Files
claw/docs/superpowers/specs/2026-04-20-scene-skill-102-static-mock-pseudoprod-validation-design.md

5.8 KiB

Scene Skill 102 Static, Mock, And Pseudo-Production Validation Design

Date: 2026-04-20 Status: Draft Upstream Framework: docs/superpowers/plans/2026-04-19-scene-skill-102-full-coverage-framework-plan.md Upstream Materialization: docs/superpowers/plans/2026-04-19-scene-skill-102-final-materialization-plan.md Upstream Invocation Readiness: docs/superpowers/plans/2026-04-20-scene-skill-102-deterministic-invocation-readiness-plan.md

Intent

Define the validation stage after the 102 scene set has reached:

  1. 102 / 102 final materialized skill packages
  2. 102 / 102 deterministic invocation readiness using the U+3002 x3 deterministic suffix
  3. 0 materialization failures
  4. 0 deterministic dispatch ambiguities

This design does not extend the framework coverage work.

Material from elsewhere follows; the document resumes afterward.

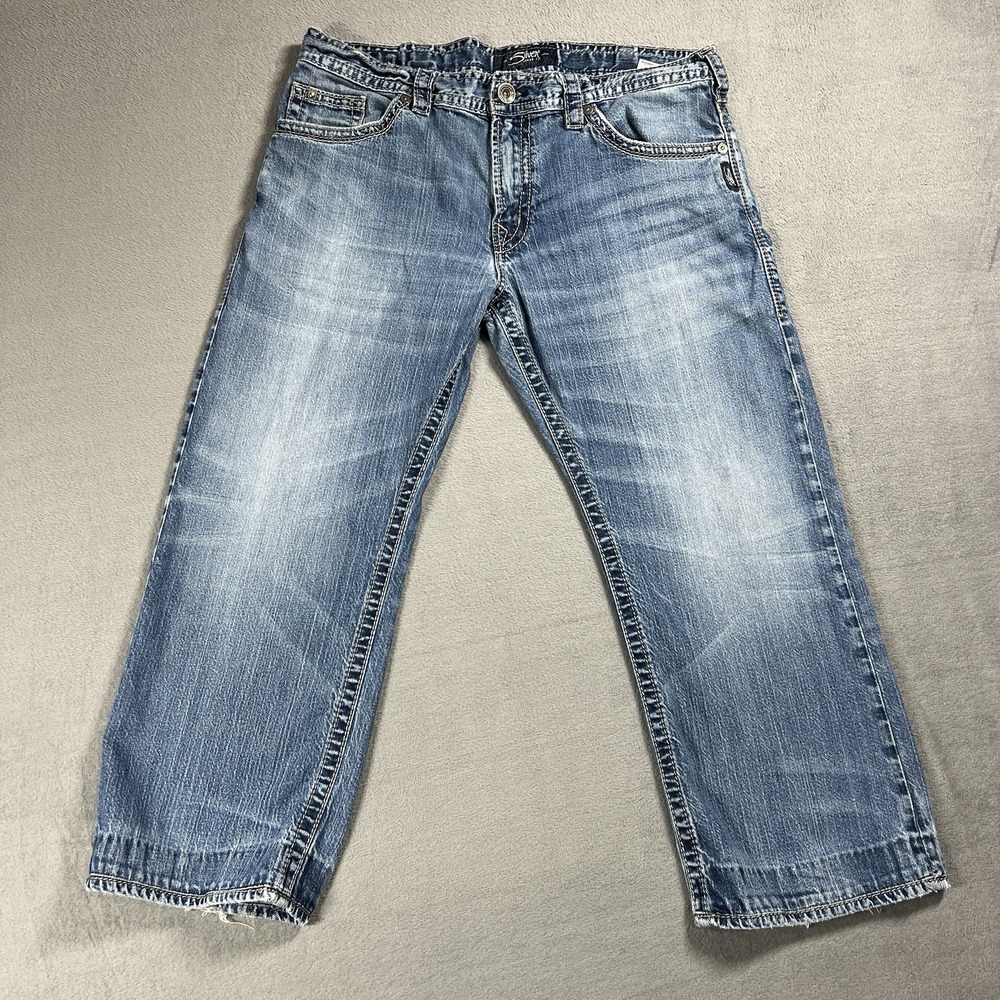 Silver Jeans Mens 38x27 Blue Zac Relaxed Straight Medium Wash Stretch Denim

It starts the next stage: proving that the materialized skill assets are structurally healthy, dispatchable, mock-runnable, and ready for a later real-environment validation campaign.

Current Baseline

Fixed inputs:

  1. examples/scene_skill_102_final_materialization_2026-04-19/skills
  2. examples/scene_skill_102_final_materialization_2026-04-19/SCENE_INDEX.md
  3. examples/scene_skill_102_final_materialization_2026-04-19/scene_skill_102_index.json
  4. tests/fixtures/generated_scene/scene_skill_102_final_materialization_manifest_2026-04-19.json
  5. tests/fixtures/generated_scene/scene_skill_102_final_materialization_failures_2026-04-19.json
  6. tests/fixtures/generated_scene/scene_skill_102_deterministic_invocation_readiness_after_keyword_refinement_2026-04-20.json

Current state:

Layer Count
materialized skill packages 102 / 102
deterministic invocation ready 102 / 102
known materialization failures 0
deterministic ambiguities 0

Validation Layers

This validation stage has four layers. Each layer answers a different question.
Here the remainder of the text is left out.